Wartime

wartime

In September 1942 downtown Tacoma was adjusting to wartime. The chasing lights of the theatre district marquees were blacked out many nights and the City kept the streetlights dark for Civil Defense aerial bombing drills. Japantown was eerily empty after the relocation of Tacoma’s Japanese American families in May and the newspapers carried stories of enemy submarines off the Washington Coast. With Fort Lewis just to the south and the shipyards at the port, Tacoma had every right to feel like a strategic target but citylife went on. Soldiers and wartime industry workers filled the movie houses, passing from the darkness of the streets to the blackness of the theaters watching newsreels of the war in the Pacific and Europe followed by the escapism of Hollywood. Tacoma was filled with people. The big mansions in the North end were converted into boarding houses and the downtown hotels became apartment buildings for the thousands of newcomers.

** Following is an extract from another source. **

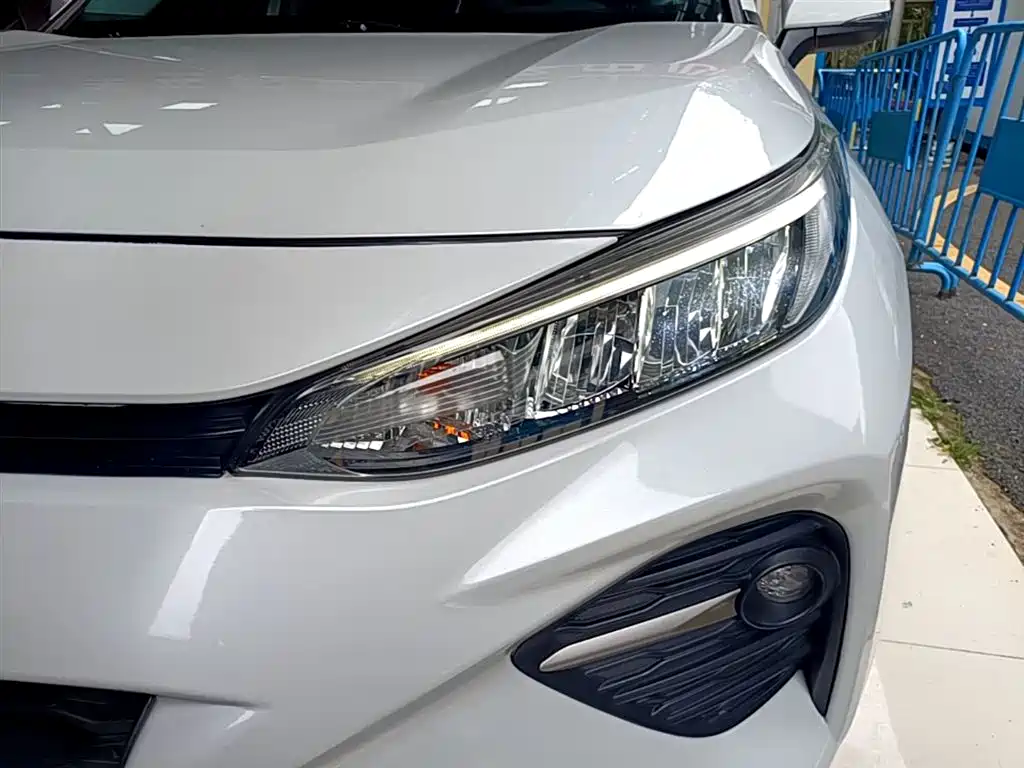 Toyota Wildlander 2023 — фото 24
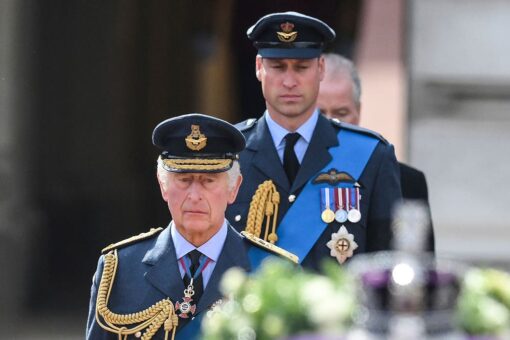 Photos: Queen Elizabeth is escorted from Buckingham Palace to lie in state at Westminster Hall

The streets became crowded with automobiles because the streetcar system was abandoned just before the war and parking lots were not yet more important than buildings. Just beyond these do gooders in the next block south on Market Street the streetscape was being given over to garages, auto repair shops and motor car parking. The Second World War was a time of transformation in downtown Tacoma as the automobile began to change everything-a change that in so many ways was just beginning. 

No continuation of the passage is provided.